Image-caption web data
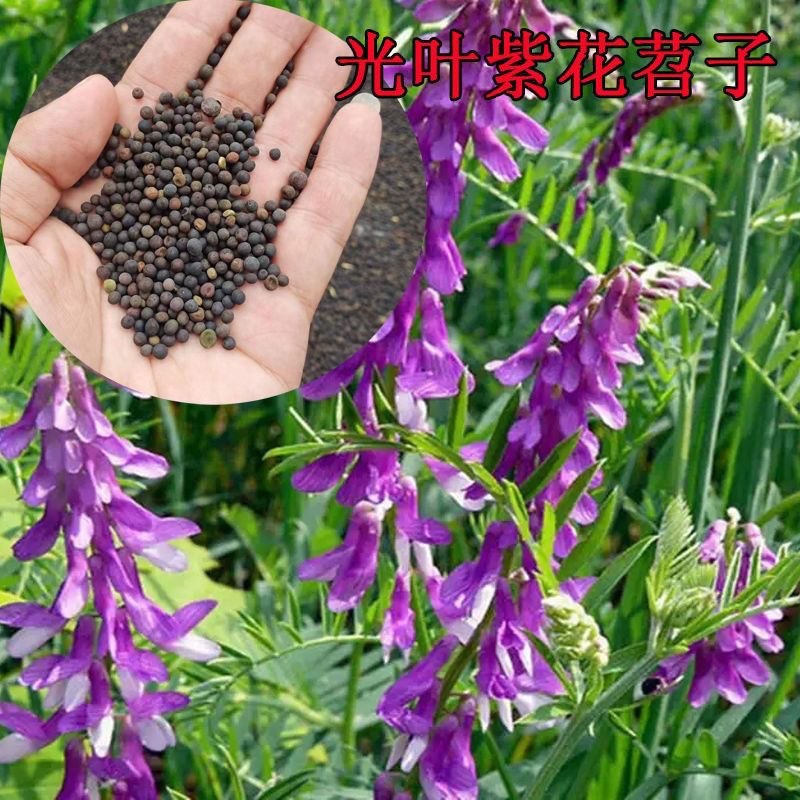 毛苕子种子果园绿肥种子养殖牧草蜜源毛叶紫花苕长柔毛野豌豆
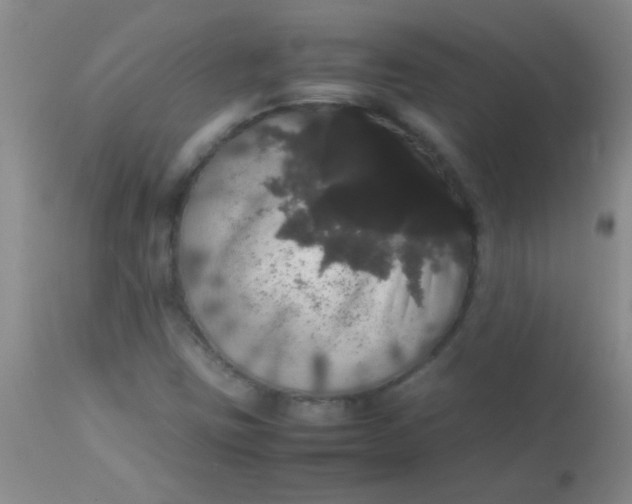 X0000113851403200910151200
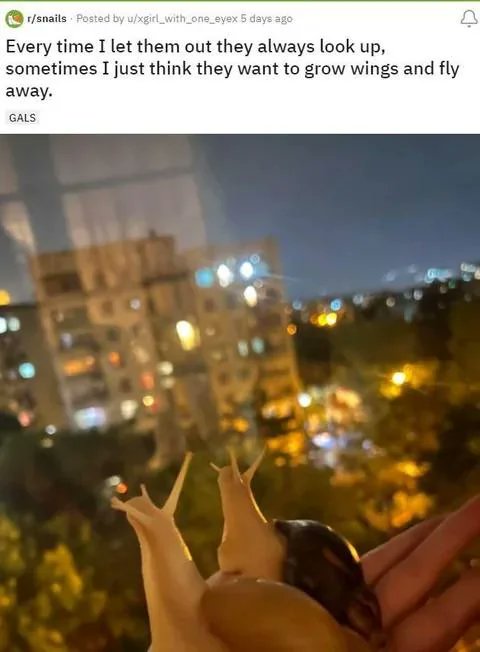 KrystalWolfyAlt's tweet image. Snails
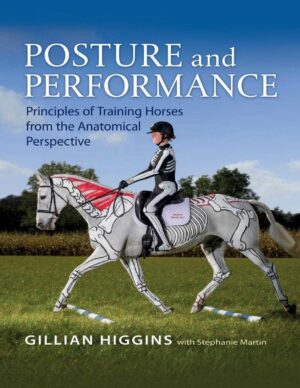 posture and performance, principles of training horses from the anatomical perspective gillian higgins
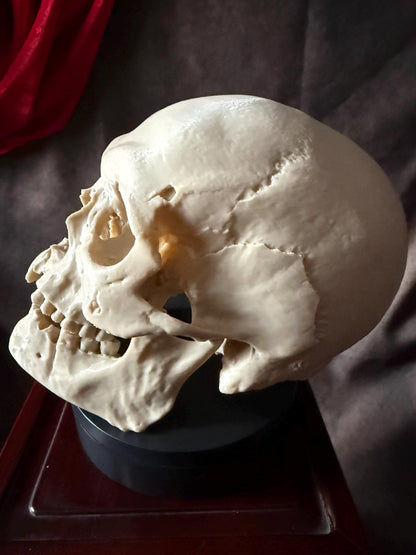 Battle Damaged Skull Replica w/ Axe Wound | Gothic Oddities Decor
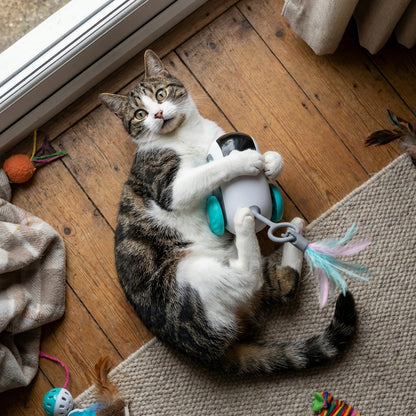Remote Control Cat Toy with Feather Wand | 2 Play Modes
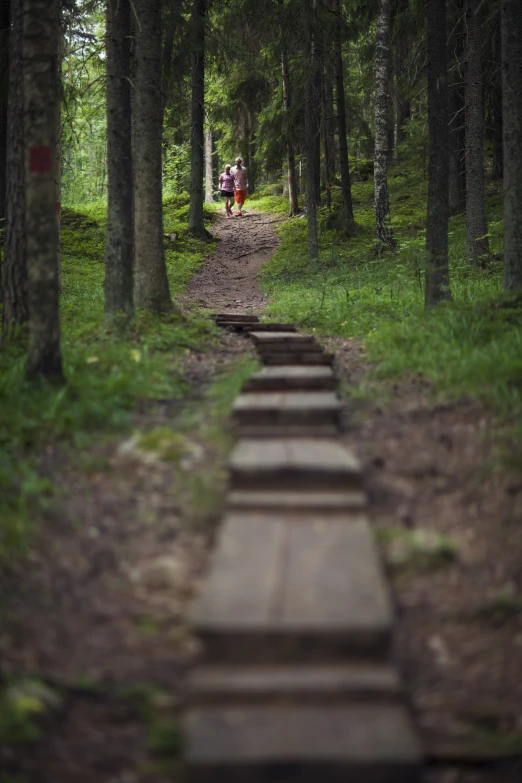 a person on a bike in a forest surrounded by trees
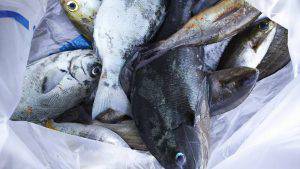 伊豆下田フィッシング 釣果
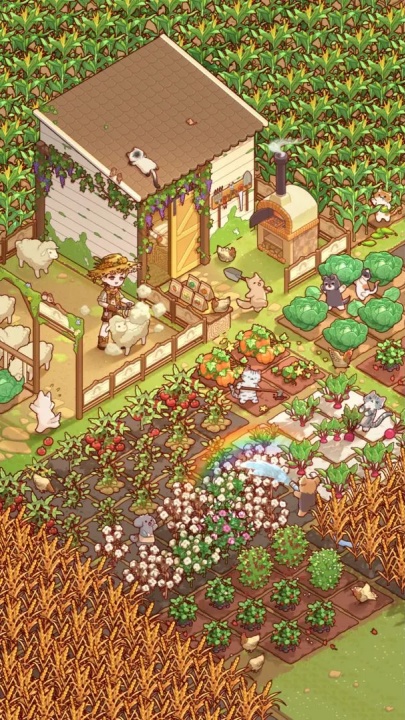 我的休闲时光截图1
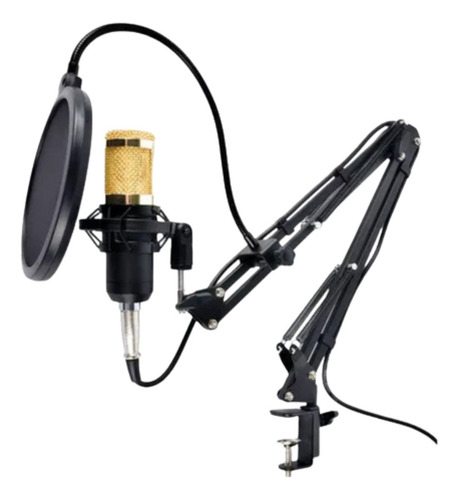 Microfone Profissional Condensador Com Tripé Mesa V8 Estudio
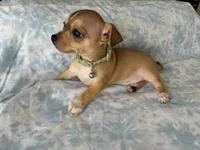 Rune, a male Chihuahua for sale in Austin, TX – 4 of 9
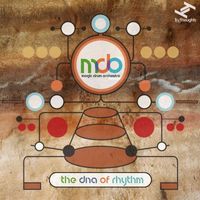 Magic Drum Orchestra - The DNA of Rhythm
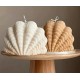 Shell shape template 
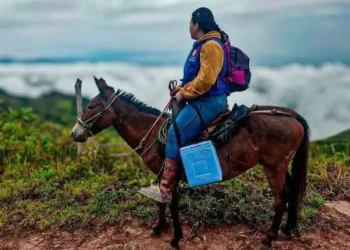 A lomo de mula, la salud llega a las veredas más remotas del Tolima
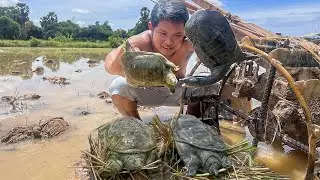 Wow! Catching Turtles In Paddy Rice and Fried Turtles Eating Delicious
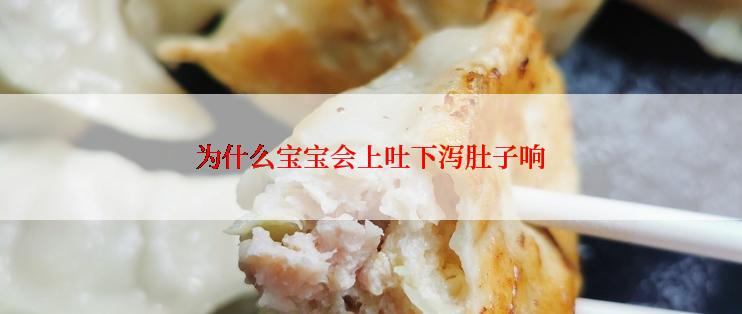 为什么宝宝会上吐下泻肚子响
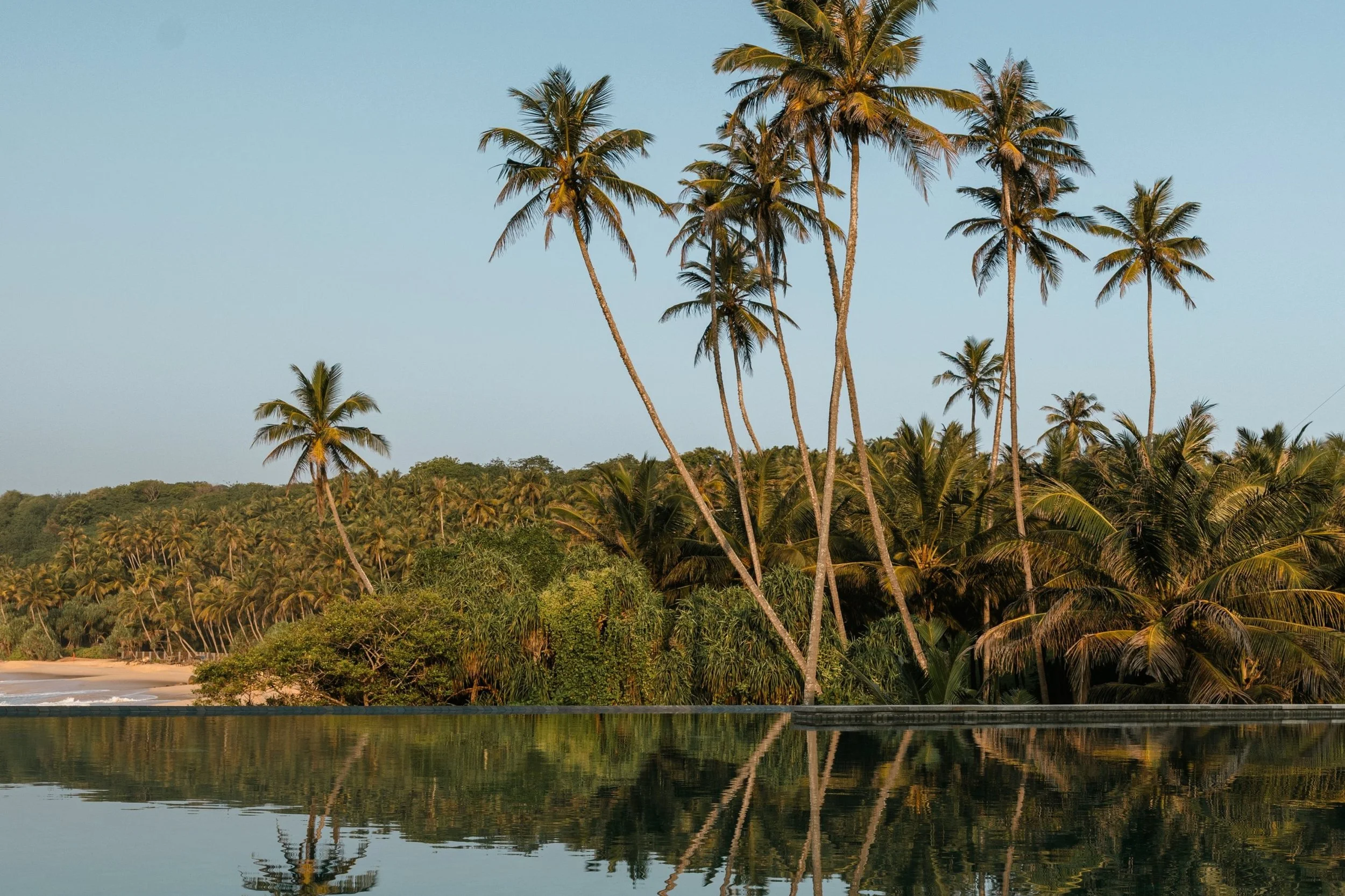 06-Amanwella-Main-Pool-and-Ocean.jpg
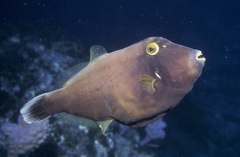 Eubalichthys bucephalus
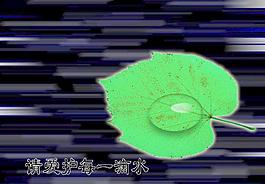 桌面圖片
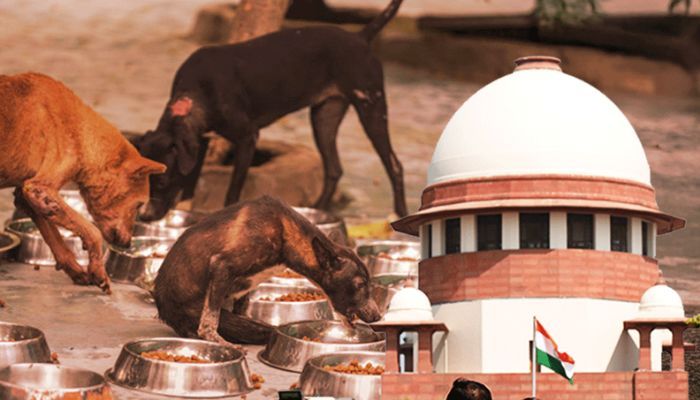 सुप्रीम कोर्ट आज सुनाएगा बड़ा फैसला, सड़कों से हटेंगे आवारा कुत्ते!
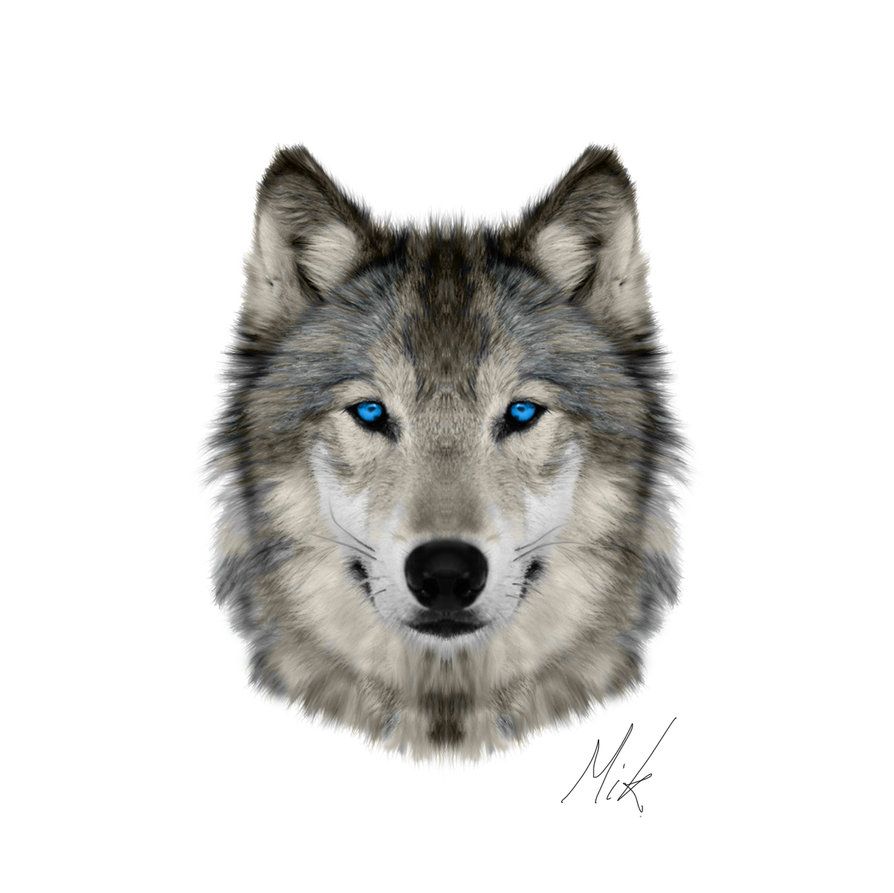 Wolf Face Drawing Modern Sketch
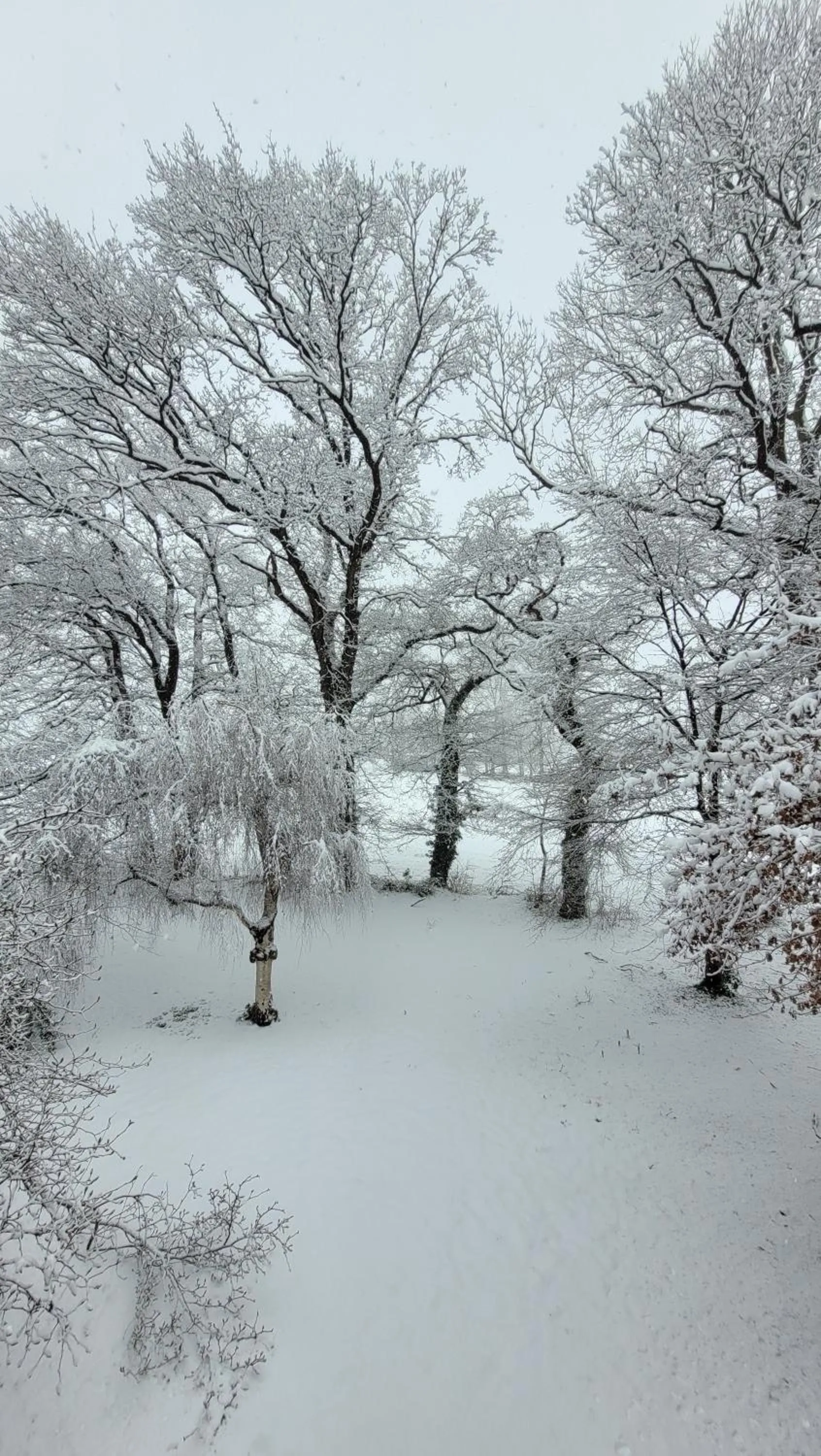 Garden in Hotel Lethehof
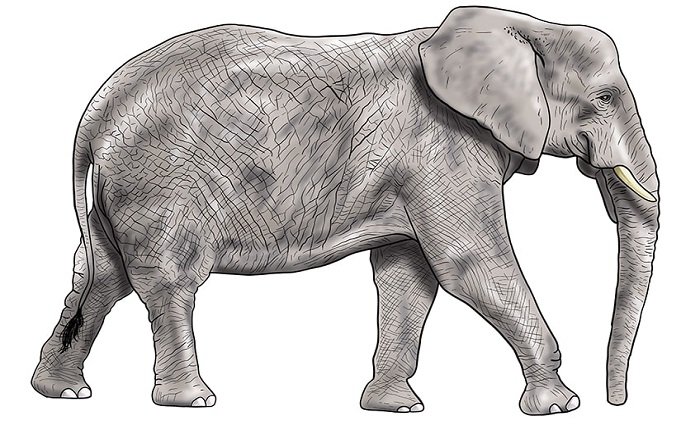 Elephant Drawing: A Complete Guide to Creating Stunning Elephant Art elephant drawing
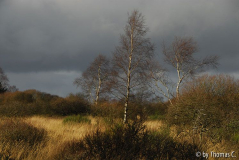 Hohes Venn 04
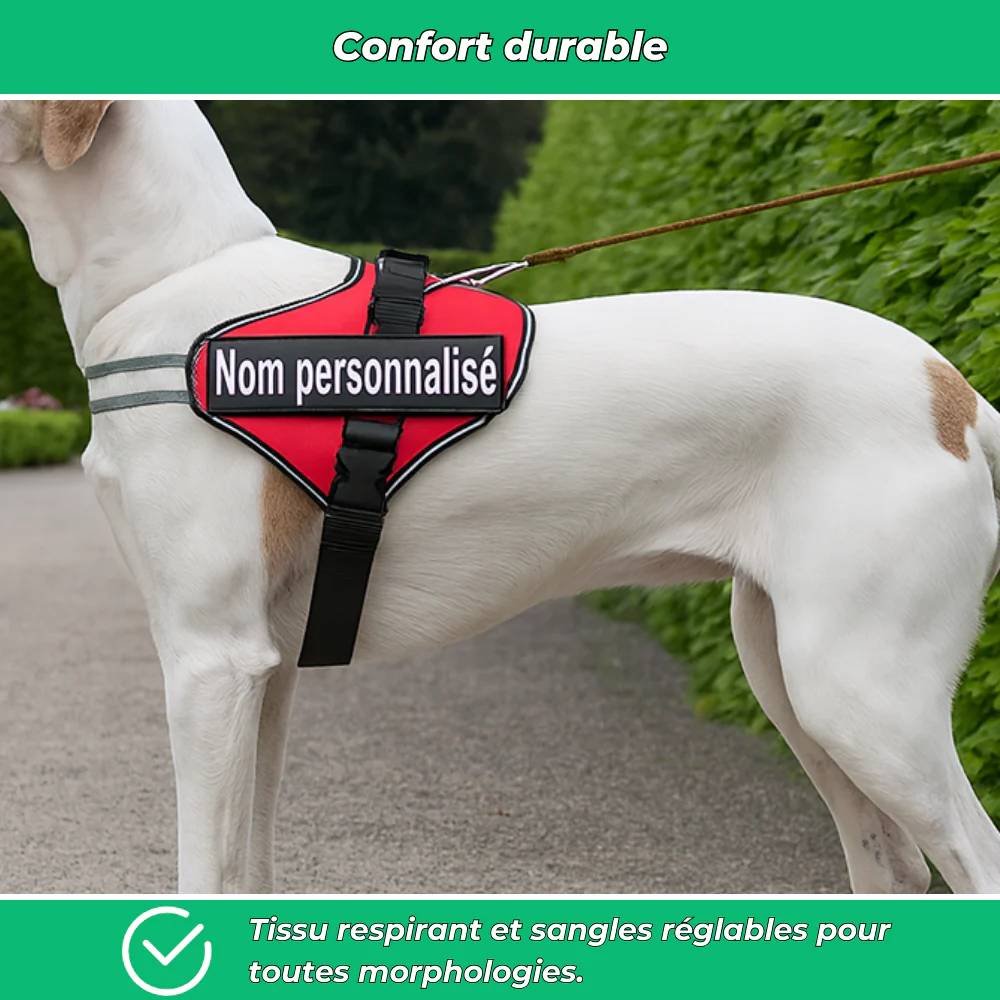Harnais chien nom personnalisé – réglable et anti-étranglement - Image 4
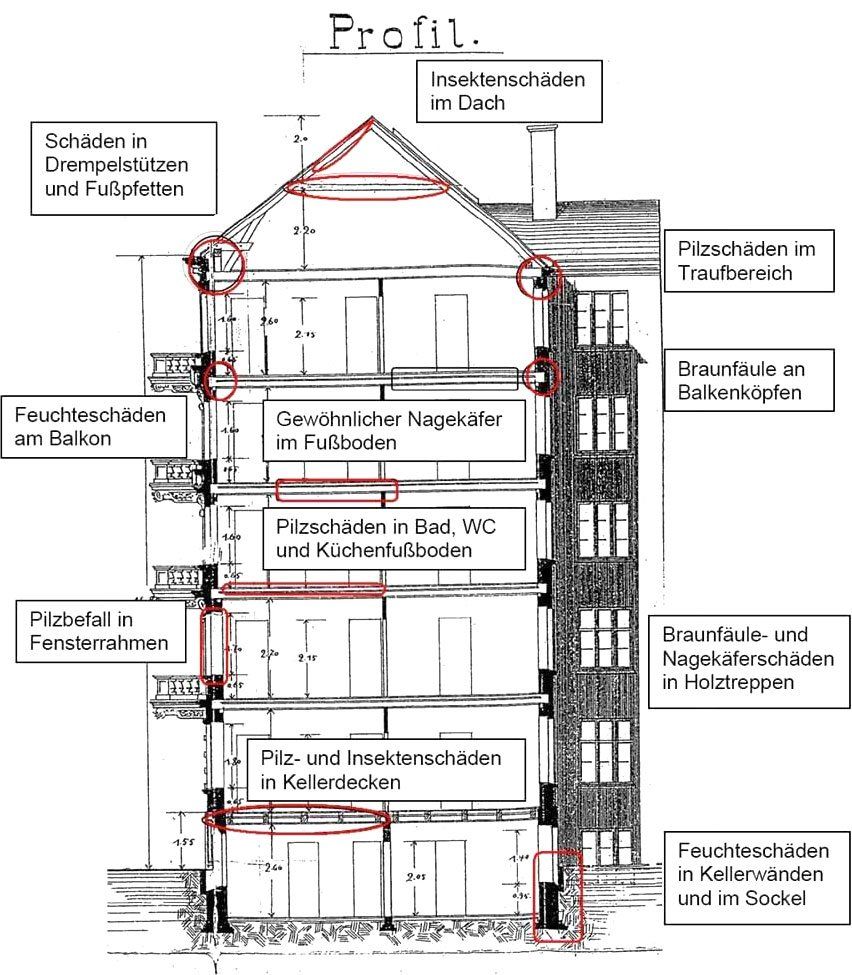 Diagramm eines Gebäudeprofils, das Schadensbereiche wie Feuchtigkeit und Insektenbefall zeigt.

## What you are asked to do
Only the lines from the one containing "posture and performance, principles" through the last line of the entries belong in the answer, given again exactly. Images stay out.

## Solution for this problem
 posture and performance, principles of training horses from the anatomical perspective gillian higgins
 Battle Damaged Skull Replica w/ Axe Wound | Gothic Oddities Decor
Remote Control Cat Toy with Feather Wand | 2 Play Modes
 a person on a bike in a forest surrounded by trees
 伊豆下田フィッシング 釣果
 我的休闲时光截图1
 Microfone Profissional Condensador Com Tripé Mesa V8 Estudio
 Rune, a male Chihuahua for sale in Austin, TX – 4 of 9
 Magic Drum Orchestra - The DNA of Rhythm
 Shell shape template 
 A lomo de mula, la salud llega a las veredas más remotas del Tolima
 Wow! Catching Turtles In Paddy Rice and Fried Turtles Eating Delicious
 为什么宝宝会上吐下泻肚子响
 06-Amanwella-Main-Pool-and-Ocean.jpg
 Eubalichthys bucephalus
 桌面圖片
 सुप्रीम कोर्ट आज सुनाएगा बड़ा फैसला, सड़कों से हटेंगे आवारा कुत्ते!
 Wolf Face Drawing Modern Sketch
 Garden in Hotel Lethehof
 Elephant Drawing: A Complete Guide to Creating Stunning Elephant Art elephant drawing
 Hohes Venn 04
Harnais chien nom personnalisé – réglable et anti-étranglement - Image 4
 Diagramm eines Gebäudeprofils, das Schadensbereiche wie Feuchtigkeit und Insektenbefall zeigt.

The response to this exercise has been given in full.